*** Available data Section Begins ***

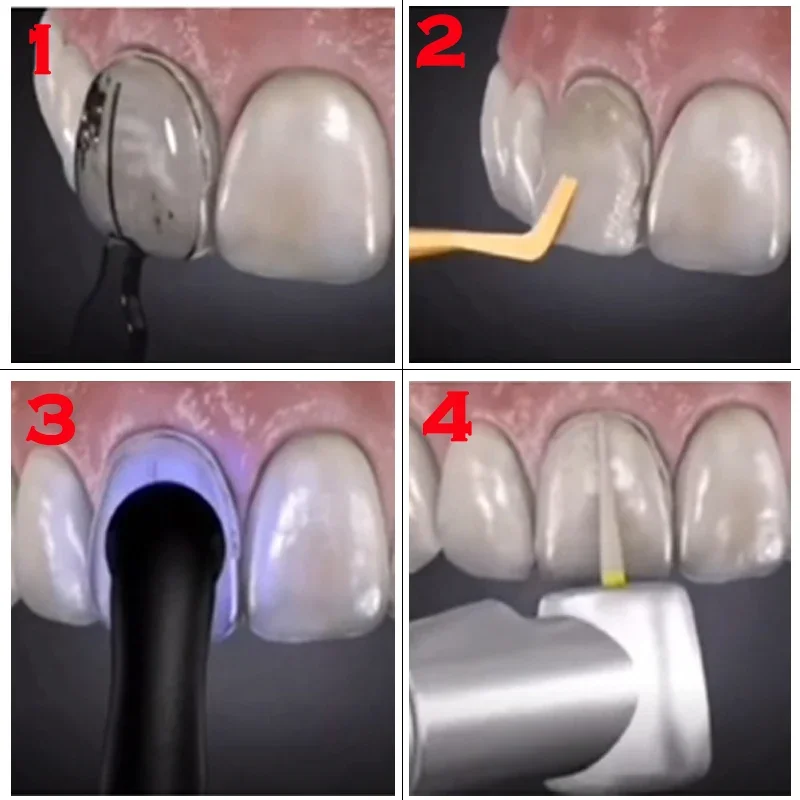 복합 레진 베니어용 치과 몰드, 광중합 충전재, 전치부 - Teeth Whitening Moulds 리뷰 및 가격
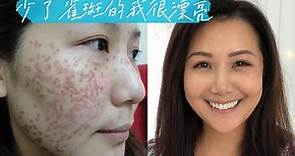 雷射除斑效果好到被盜圖，除斑30天紀錄 告別雀斑30 days Freckle removal journey in Taiwan, YAG Laser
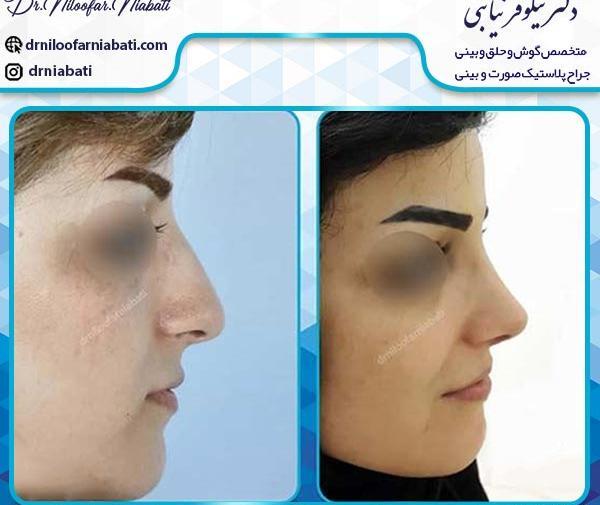 عکس بینی نیمه فانتزی طبیعی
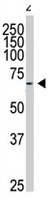 PAB4520 - GRK6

*** Available data Section Ends ***

| Problem description |
The finished copy should match the data above word for word and contain no pictures.

| Reply to the task |
 복합 레진 베니어용 치과 몰드, 광중합 충전재, 전치부 - Teeth Whitening Moulds 리뷰 및 가격
 雷射除斑效果好到被盜圖，除斑30天紀錄 告別雀斑30 days Freckle removal journey in Taiwan, YAG Laser
 عکس بینی نیمه فانتزی طبیعی
 PAB4520 - GRK6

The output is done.